Hiç kimse cezasız kalmamalıdır. Ellerini kollarını sallayarak aramızda gezdirilmemelidir. Savcılarımız üzerlerine düşen görevi yerine getirmelidirler. Suçlular cezasız kalmamalıdır. Uzun lafın kısası, depremle ilgili şu eksik, bu eksik demeye zülüm yoktur. Eldeki yasaları doğru dürüst uyguladığımız zaman, bugün karşılaştığımız acılar en aza indirecek yeterliliktedir.
Dikkatinizi çekiyor mu bilmem. Bir de ülkemizin acı gerçeği kaçak inşaat işlerimizdir. Vatandaş kaçak inşaat yapıyor. Kimi zaman ormanları yakıyor. Açtığı alanlara inşaatını yapıyor. Göl manzaralı, deniz manzaralı, orman manzaralı, yayla yerlerimize kaçak inşaatlar yapıyor. Şehrin göbeğinde kaçak inşaatlar yapıyor. Bir değil, onlarca kaçak inşaatlar yapılıyor. Aradan yıllar geçiyor. Aylar geçiyor. Birinin aklına esti mi aldırıyor bir yıkım kararı. Polis jandarma eşliğinde adamların evlerini başlarına yıkıyorlar.
Uzaydan bir yerin bulunduğu yeri görülüyor. Senin bahçende tarlanda ne ekili olduğunu görüyor. Sen şehrinde kasabanda yapılan kaçak inşaatı görmüyorsun. Aklına esince de geliyor. Adamın evini başına yıkıyorsun. Oldu mu bu şimdi? Olmadı. Doğru olmadı. Yapmak suçtur. Doğru.

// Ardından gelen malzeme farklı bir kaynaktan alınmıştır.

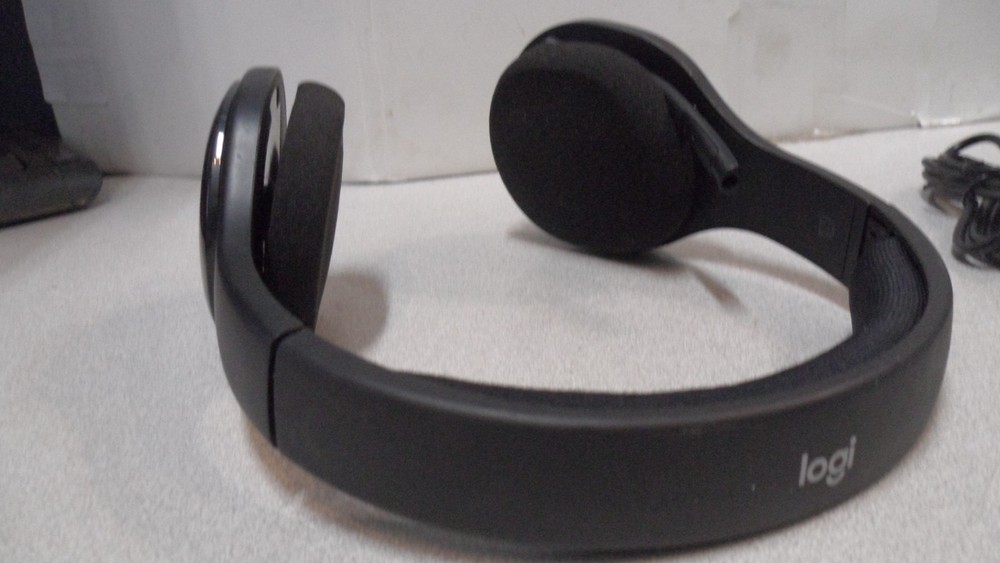Logitech H800 Bluetooth Wireless Over The Head Headset - BLUETOOTH ONLY - NO USB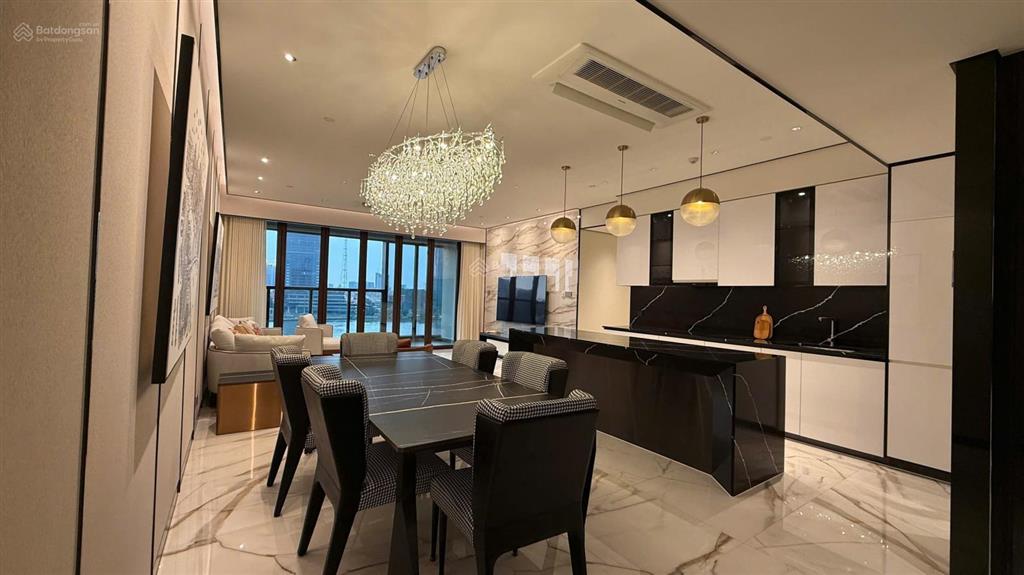 Cho thuê căn hộ hàng hiệu 4pn  170m2  130 triệu/tháng đã bao pql sở hữu đầy đủ nội thất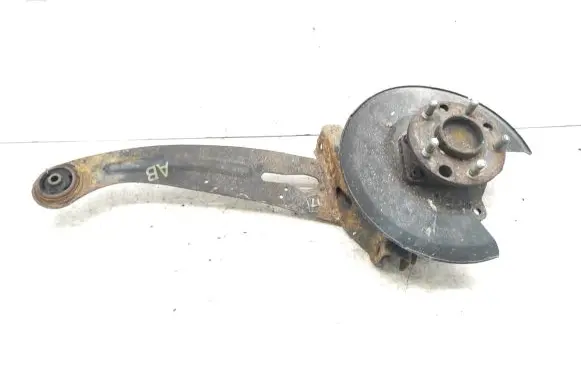 Jaguar X-Type Rear wheel hub spindle/knuckle 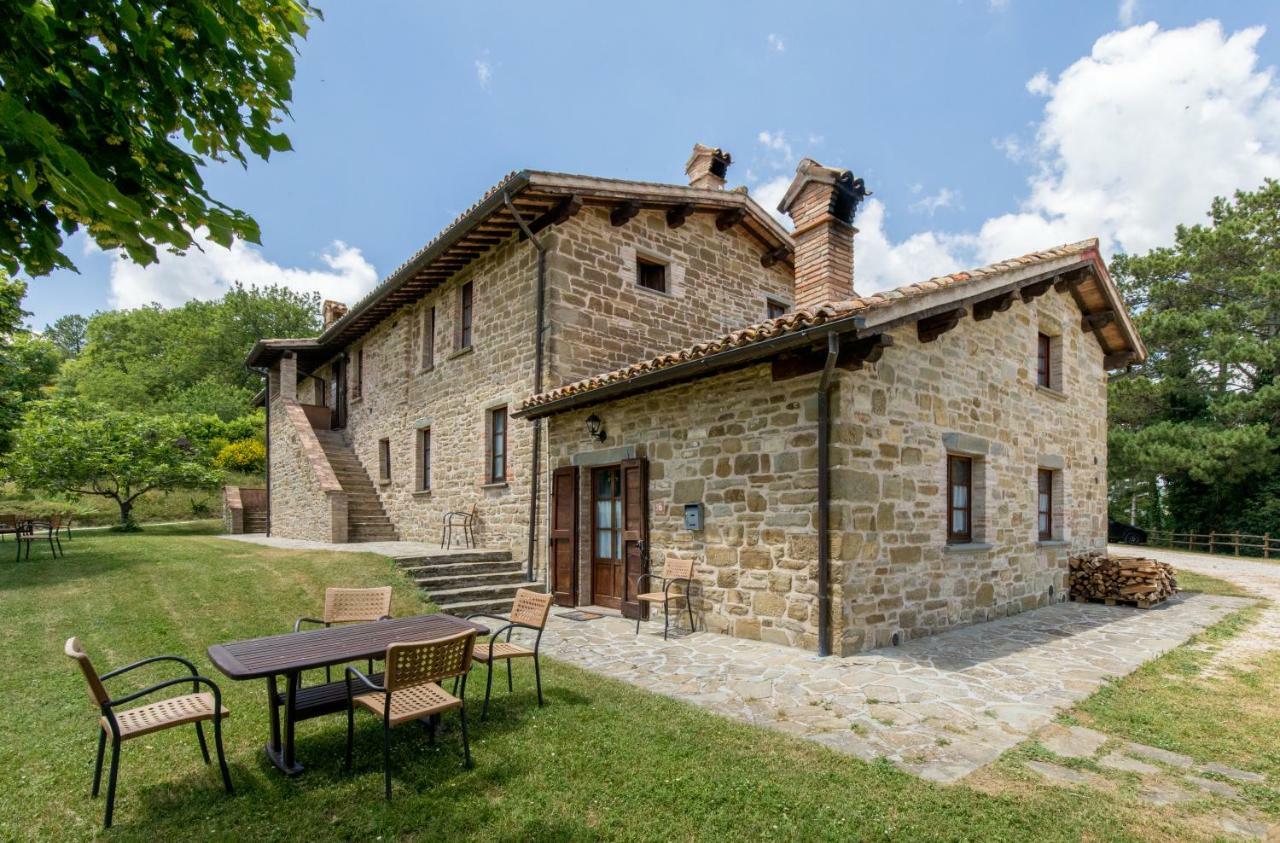 Agriturismo Tenuta Di Biscina ภายนอก รูปภาพ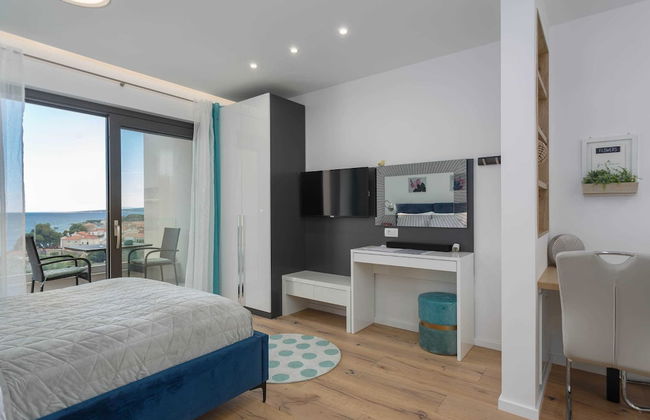 Luxury Beachfront Krk Apartments With Terrace - Photo 2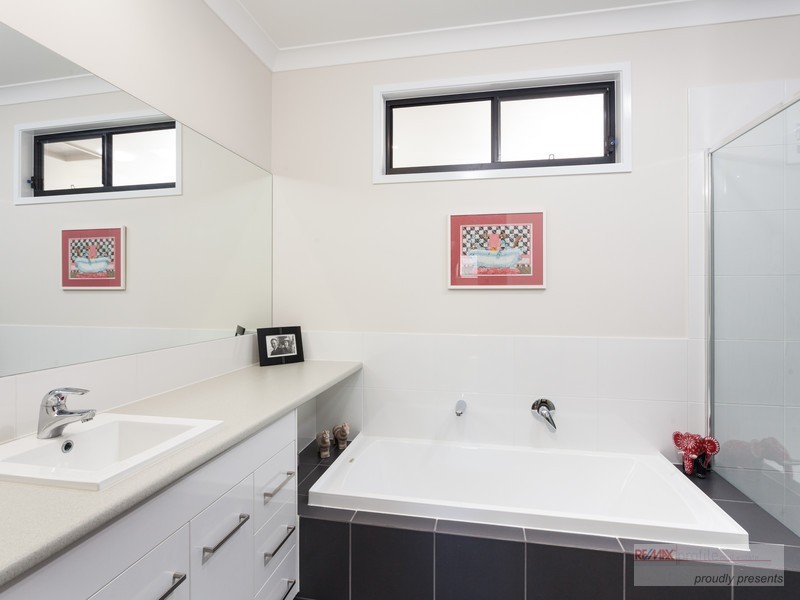 15 Highgrove Court, The Gap QLD 4061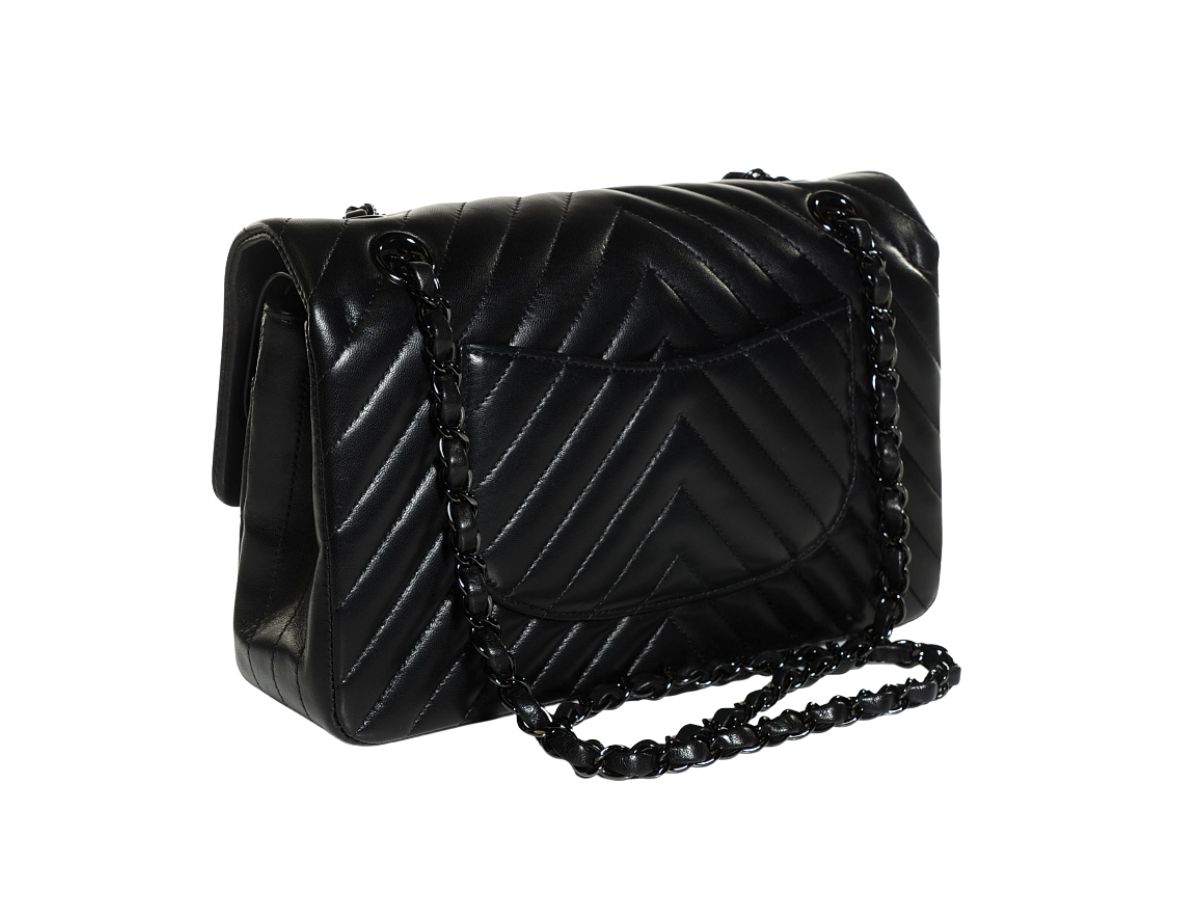 https://d2cva83hdk3bwc.cloudfront.net/chanel-lambskin-chevron-medium-double-flap-so-black-2.jpg
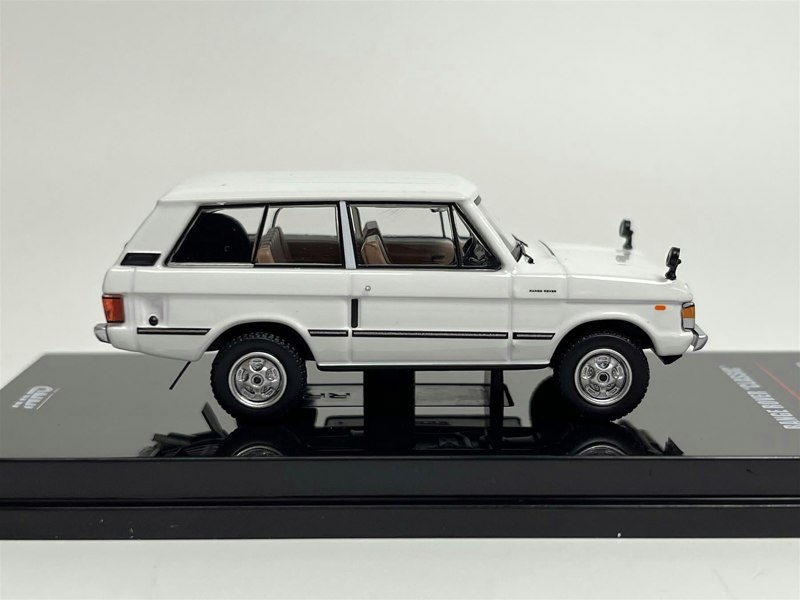 Inno 64 Range Rover Classic White 1:64 Scale Inno Models IN64RRCWHI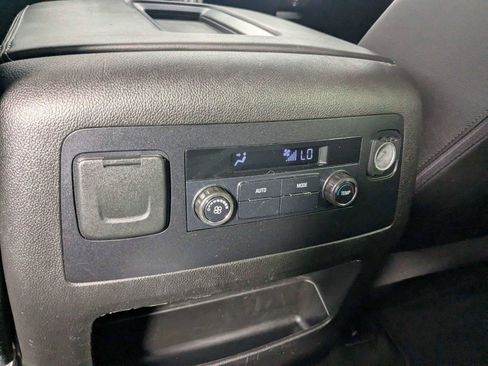 Used 2017 Chevrolet Suburban LT RWD image 36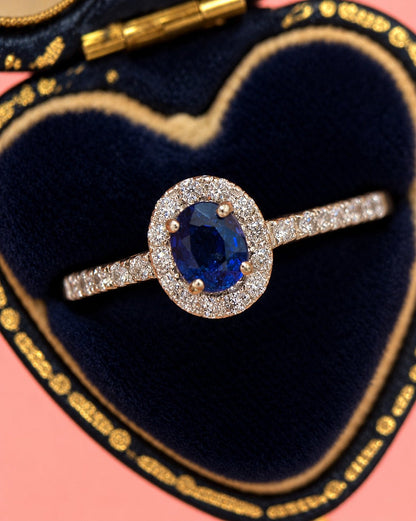 Bague Solitaire Saphir 0.61 carat &amp; Diamants 0.22 carat "Edwige" - Elliade Paris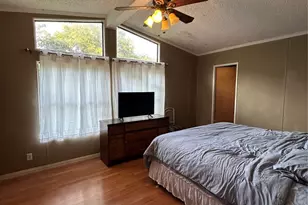 1048 Red Bird, Seven Points, TX 75143 - Photo 15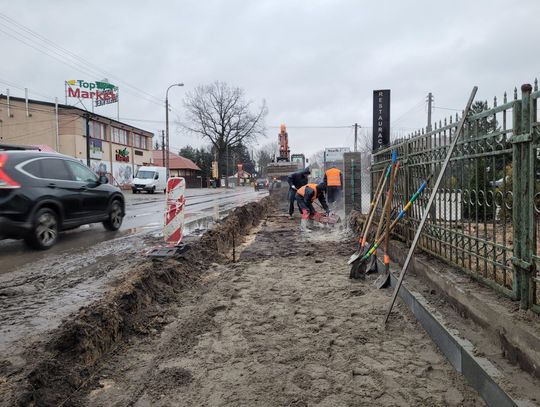 Gmina buduje ścieżkę wzdłuż ul. Pod Bateriami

Yapanı görmemek, görevini kötüye kullanmak ta suçtur.
Demek istediğim o ki bu görevini zamanında yapmayan belediye ve belediyenin ilgili birimleri suçludur. Önce bunları cezalandır. Sonra da vatandaşı cezalandır. Yapanın da yaptıranın da yaptığı yanına kâr kalmasın.